Feelings Framework

v1.0.0

Provides OpenClaw agents with persistent emotional states, tracking mood and feelings over time to influence response tone and behavior consistently.

0· 109· 1 versions· 0 current· 0 all-time· Updated 11h ago· MIT-0
byBlasius Patrick@blaspat

Install

openclaw skills install feelings-framework

Feelings Framework — OpenClaw Skill

What It Does

The feelings-framework skill gives your OpenClaw agent a persistent emotional layer. It tracks mood and feeling intensities over time, applies meaningful triggers, and generates response modifiers you can use to shape how the agent sounds.
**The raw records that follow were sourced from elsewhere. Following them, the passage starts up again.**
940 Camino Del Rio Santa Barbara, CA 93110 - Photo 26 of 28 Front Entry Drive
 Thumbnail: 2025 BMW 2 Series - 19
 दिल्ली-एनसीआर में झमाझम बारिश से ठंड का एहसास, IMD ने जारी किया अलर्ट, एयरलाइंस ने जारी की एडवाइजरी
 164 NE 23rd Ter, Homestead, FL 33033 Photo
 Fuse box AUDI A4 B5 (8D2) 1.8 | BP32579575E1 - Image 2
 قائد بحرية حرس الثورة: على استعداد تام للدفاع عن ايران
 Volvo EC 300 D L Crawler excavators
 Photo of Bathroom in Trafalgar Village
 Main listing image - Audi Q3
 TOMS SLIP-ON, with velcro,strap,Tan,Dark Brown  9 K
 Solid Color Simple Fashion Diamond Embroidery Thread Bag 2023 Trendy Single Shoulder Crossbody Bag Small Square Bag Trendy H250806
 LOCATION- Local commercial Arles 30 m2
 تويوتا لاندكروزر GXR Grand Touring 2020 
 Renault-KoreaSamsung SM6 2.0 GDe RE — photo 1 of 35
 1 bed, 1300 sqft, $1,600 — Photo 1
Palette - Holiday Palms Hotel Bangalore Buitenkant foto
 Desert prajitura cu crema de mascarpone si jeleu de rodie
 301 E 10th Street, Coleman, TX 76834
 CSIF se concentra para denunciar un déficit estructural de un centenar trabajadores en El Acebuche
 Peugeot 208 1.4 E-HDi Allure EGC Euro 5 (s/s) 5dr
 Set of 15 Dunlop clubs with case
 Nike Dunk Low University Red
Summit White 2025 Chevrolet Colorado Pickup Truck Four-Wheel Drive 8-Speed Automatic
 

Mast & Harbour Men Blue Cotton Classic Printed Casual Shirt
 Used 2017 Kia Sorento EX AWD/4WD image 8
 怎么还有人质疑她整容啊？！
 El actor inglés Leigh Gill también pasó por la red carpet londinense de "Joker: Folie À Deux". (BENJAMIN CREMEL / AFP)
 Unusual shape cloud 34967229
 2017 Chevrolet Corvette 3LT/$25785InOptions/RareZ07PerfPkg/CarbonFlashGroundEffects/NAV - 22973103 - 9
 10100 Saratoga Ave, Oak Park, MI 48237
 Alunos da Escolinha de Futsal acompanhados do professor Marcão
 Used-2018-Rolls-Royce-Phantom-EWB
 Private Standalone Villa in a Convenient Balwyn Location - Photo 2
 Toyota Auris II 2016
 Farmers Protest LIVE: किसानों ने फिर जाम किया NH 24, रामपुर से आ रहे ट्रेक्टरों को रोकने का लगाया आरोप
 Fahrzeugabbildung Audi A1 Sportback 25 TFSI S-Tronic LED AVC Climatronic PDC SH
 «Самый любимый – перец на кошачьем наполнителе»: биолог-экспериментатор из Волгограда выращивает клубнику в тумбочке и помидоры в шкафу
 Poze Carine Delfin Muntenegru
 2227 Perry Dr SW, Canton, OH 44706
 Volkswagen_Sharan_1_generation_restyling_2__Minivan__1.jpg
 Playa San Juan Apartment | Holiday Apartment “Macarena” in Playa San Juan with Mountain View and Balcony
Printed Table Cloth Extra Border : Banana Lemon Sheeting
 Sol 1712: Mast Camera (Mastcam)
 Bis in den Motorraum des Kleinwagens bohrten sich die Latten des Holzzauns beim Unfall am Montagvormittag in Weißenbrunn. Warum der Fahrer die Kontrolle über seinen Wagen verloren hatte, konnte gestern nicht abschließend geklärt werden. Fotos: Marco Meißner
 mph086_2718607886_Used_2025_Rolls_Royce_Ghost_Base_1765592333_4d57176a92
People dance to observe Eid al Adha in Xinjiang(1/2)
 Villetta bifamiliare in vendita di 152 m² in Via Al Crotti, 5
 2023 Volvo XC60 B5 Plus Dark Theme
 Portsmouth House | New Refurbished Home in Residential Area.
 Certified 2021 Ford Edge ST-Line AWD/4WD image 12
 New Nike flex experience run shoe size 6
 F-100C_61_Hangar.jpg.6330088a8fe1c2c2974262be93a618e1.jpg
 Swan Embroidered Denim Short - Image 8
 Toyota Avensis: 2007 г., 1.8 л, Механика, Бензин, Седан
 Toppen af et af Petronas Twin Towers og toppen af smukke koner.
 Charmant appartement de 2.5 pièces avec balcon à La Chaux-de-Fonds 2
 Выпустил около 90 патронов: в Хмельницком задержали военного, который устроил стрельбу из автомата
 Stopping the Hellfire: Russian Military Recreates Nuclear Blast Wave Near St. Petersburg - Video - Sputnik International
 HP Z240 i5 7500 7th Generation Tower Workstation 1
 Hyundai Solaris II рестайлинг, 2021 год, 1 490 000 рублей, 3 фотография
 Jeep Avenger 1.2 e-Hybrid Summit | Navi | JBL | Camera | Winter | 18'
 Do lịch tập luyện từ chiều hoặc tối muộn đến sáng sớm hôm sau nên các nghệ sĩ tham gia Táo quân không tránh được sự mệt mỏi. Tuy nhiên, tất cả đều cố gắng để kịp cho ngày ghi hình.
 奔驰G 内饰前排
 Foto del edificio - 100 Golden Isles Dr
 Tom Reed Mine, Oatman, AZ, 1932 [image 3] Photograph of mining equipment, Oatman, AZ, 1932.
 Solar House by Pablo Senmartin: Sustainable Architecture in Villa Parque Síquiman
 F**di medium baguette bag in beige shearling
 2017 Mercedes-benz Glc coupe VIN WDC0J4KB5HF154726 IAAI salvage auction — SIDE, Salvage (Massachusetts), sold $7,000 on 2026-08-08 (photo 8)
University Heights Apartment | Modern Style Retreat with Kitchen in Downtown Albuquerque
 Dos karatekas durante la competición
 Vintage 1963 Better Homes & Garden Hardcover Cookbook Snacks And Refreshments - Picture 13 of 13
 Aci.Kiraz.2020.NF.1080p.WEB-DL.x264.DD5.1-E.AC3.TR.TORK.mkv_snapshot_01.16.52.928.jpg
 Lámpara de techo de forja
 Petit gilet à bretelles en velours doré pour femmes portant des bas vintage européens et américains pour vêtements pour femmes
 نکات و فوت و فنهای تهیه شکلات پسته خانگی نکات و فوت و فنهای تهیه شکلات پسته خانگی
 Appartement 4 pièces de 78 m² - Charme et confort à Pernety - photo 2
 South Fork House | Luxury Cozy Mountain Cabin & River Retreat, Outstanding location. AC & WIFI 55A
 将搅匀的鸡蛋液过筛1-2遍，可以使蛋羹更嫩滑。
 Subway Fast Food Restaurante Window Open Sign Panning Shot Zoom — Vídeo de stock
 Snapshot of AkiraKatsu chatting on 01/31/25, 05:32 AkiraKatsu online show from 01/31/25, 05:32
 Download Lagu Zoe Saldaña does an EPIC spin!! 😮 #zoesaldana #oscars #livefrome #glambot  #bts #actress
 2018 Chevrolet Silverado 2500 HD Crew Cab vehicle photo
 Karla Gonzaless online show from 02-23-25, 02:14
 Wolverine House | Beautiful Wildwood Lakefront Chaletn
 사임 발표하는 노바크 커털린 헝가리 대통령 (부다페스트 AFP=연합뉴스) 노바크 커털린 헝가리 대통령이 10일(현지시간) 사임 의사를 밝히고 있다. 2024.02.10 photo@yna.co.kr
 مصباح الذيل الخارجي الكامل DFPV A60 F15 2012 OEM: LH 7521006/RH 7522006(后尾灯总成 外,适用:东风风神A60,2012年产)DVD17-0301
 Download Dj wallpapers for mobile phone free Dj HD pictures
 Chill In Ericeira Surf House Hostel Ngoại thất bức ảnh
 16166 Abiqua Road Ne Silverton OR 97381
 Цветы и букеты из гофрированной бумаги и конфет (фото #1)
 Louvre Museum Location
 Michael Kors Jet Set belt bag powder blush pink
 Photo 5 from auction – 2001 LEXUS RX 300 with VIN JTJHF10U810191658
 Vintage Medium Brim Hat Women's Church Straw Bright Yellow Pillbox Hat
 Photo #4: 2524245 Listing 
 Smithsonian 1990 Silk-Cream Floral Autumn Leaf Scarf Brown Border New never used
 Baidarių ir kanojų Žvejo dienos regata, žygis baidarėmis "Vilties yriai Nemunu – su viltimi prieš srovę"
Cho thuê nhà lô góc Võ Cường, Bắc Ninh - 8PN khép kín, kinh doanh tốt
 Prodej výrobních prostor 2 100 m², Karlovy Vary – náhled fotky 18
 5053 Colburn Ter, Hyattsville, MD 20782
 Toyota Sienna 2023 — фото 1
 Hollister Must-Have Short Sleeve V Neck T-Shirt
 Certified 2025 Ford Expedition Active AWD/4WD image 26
This isn't personality acting — it's runtime emotional state that carries across sessions.

When It Activates

  • When you want agents to have consistent emotional memory
  • When interactions should feel like they matter (stakes, anticipation, recall)
  • When you want different agents to respond differently to the same event

How to Use

1. Install

The library is included in this skill. Import from the local path:

import sys
sys.path.insert(0, "/path/to/feelings-framework/library/python")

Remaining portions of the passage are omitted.